You are viewing a plain text version of this content. The canonical link for it is here.
Posted to user@nutch.apache.org by adu <du...@hzduozhun.com> on 2014/08/08 05:03:51 UTC

How to reduce the unfetched urls?

Hi all,
I use 10000 urls as the seeds , and crawl with depth 1. The result I got
is only 2000 urls are fetched.

I have checked the url filter. Also, i can't find any log about the http
connect failure. Are there any configs

should I notice in nutch-default.xml? Wait for your help.
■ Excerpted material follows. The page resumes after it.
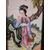 4 decorazioni su ceramica Cina Epoca '900 cornice legno ebanizzato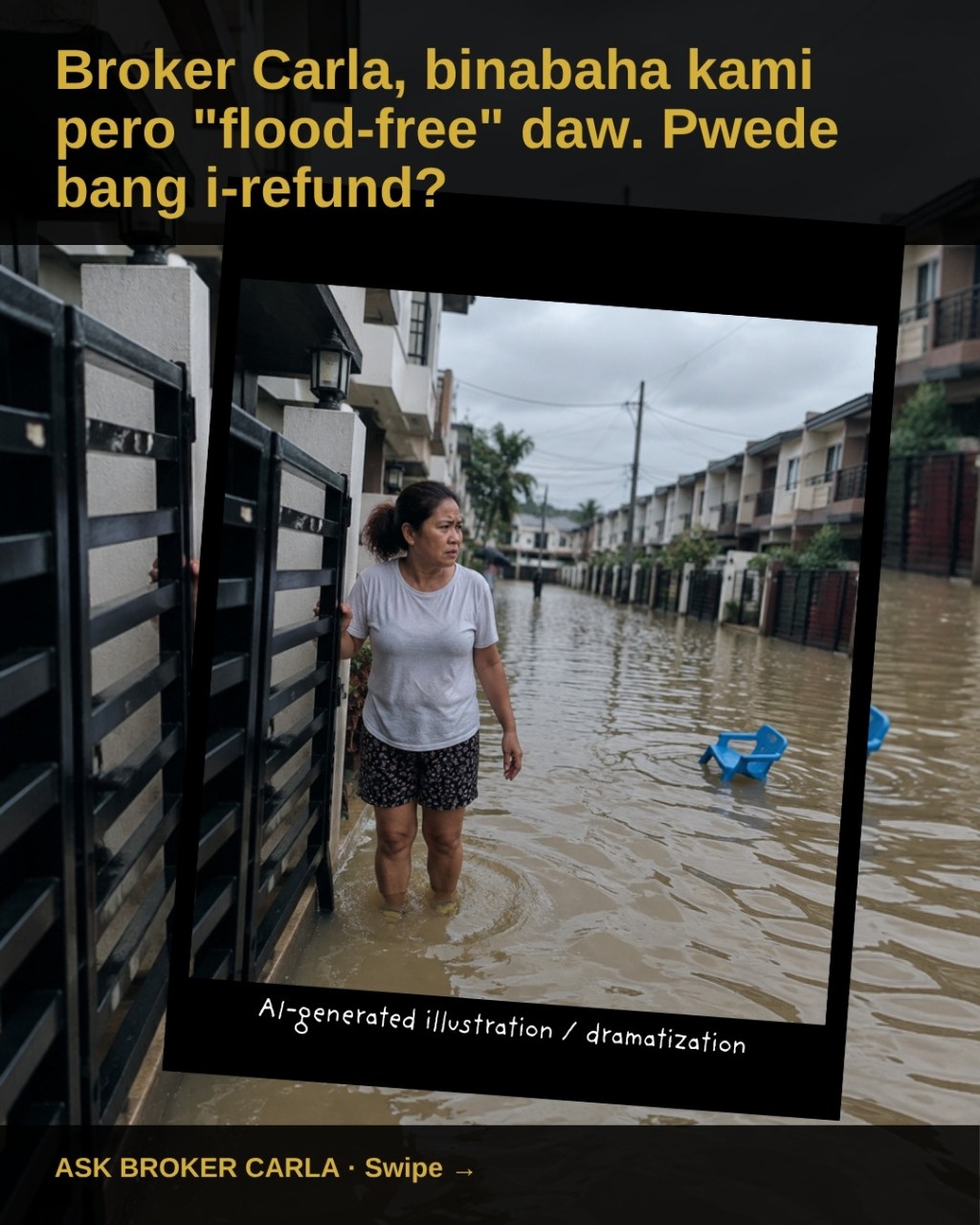 AI-generated illustration / dramatization: worried homeowner standing in floodwater at her townhouse gate in a Philippine subdivision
Re: How to reduce the unfetched urls?

Posted by Sebastian Nagel <wa...@googlemail.com>.
Hi,

are unfetched URLs marked as such (status db_unfetched)?
You can check this using
  $NUTCH_HOME/bin/nutch readdb

If yes, and since exactly 2000 URLs are fetched,
it's more likely a problem with
 -topN  <size_of_fetch_list>

Which version of Nutch is used?

Best,
Sebastian



2014-08-08 5:03 GMT+02:00 adu <du...@hzduozhun.com>:

> Hi all,
> I use 10000 urls as the seeds , and crawl with depth 1. The result I got
> is only 2000 urls are fetched.
>
> I have checked the url filter. Also, i can't find any log about the http
> connect failure. Are there any configs
>
> should I notice in nutch-default.xml? Wait for your help.
>

Re: How to reduce the unfetched urls?

Posted by al...@aim.com.
What is  status of one of the unfetched urls  in the db? 
 

 

 

-----Original Message-----
From: adu <du...@hzduozhun.com>
To: user <us...@nutch.apache.org>
Sent: Thu, Aug 7, 2014 8:04 pm
Subject: How to reduce the unfetched urls?


Hi all,
I use 10000 urls as the seeds , and crawl with depth 1. The result I got
is only 2000 urls are fetched.

I have checked the url filter. Also, i can't find any log about the http
connect failure. Are there any configs

should I notice in nutch-default.xml? Wait for your help.